3- Pour différencier des homophones dont certains sont des verbes, les mettre à l'imparfait

4- Quand on peut remplacer « quand » par lorsque, on écrit quand.

5- Qu'elle s'écrit en 2 mots quand on peut le remplacer par qu'il.

 

VI - CLEF DE L'ANALYSE

1- Pour savoir si un verbe est du 2° gr. Il suffit de penser à son participe.

On peut se trahir en rougissant.

2- Quand LEUR est un pronom personnel, il est invariable.

3- Au pluriel, les noms prennent le plus souvent un S, plus rarement un X.

4- Comment reconnaître un verbe conjugué dans une phrase ? C'est le seul mot qui va changer si on met "demain" ou « hier » au début de la phrase.

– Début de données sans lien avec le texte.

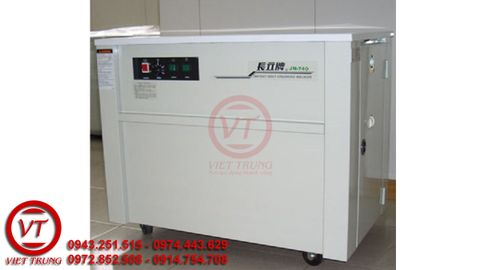 Máy đóng đai thùng chali JN - 740(VT-MDT03)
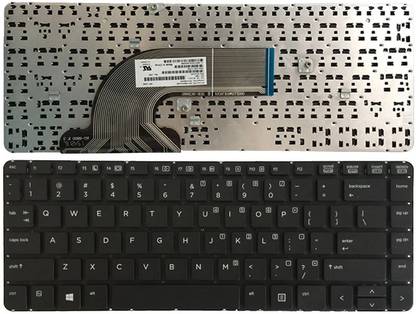 ARSit Hp Probook 440 G1 Laptop Keyboard Laptop Keyboard Replacement Key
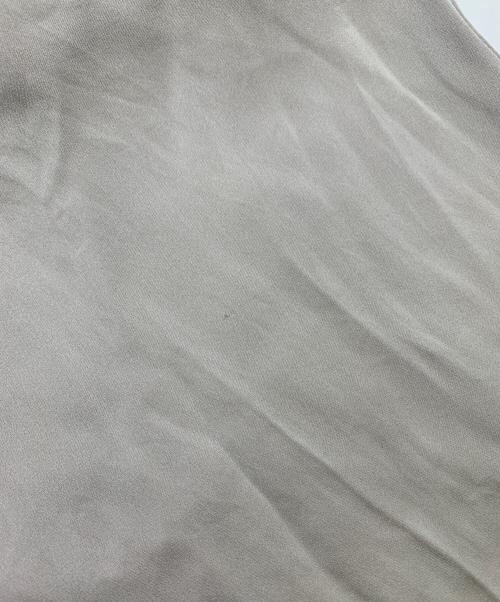 CHAOS（カオス）CHAOS (カオス) Chaos　CSシルシャーパンツ グレー サイズ:SIZE Freeの古着・服飾アイテム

5- Comment différencier COD et CC ? Rajouter "et cela se passe" ou "et il le fait" - Rajout possible avec un CC

Exemple : Le boulanger travaille la nuit / Le boulanger travaille la pâte.

Le boulanger travaille et cela se passe la nuit.

6- Pour trouver l'infinitif d'un verbe quand on le trouve conjugué dans un texte, se demander "et qu'est-ce qui l'empêche de ?" (Normalement, l'infinitif vient spontanément…)

7-Accord participe passé avec avoir :

Etape 1 : si je reconnais l'auxiliaire « avoir », je barre au crayon le sujet.

Etape 2 : si, lorsque j'écris le participe passé, je connais le COD, il y a accord entre le participe passé et le COD.

Ex : elle a vendu QUOI ? (je ne le sais pas encore, donc pas d'accord)

Les disques qu'elle a vendu QUOI ? des disques donc accord : vendus

8- Accord du participe passé (pp) en (e) sans auxiliaire : si je peux rajouter "qui est" ou "qui sont" avant le verbe en (e), c'est un pp que j'accorde avec le nom auquel il se rapporte (ou comme un adjectif qualificatif)

Ex : les coureurs (qui sont ) fatigués s'arrêtent.

9- Accord sujet/verbe : au moment où j'écris le verbe, je m'arrête, je cherche le sujet en disant "c'est …….. qui + verbe"

Ex : Les rollers de mon frère< roule ?> (ce sont les rollers qui roulent ) mieux que les miens.

Ex : Votre sœur les soigne ? (c'est ma sœur qui soigne) bien.

10- Quand il y a « tu », il y a « s ».

11- Quand il y a « avoir » et « être » (ex. « Elle a été enlevée »), on prend la règle avec être car il est plus important d’être que d’avoir.

 

VII - CLEF DE LA PLACE

1- Devant un verbe conjugué, « leur » est toujours invariable.

2- Lorsque QUELQUE est placé devant un nombre, c'est un adverbe, qui signifie environ, il reste invariable.

3- Après une préposition, le verbe est un infinitif présent.

4- «  Les, des, mes, tes, ses, nos, ces, plusieurs, quelques » sont contagieux : ils donnent leur « s » à ce qui suit.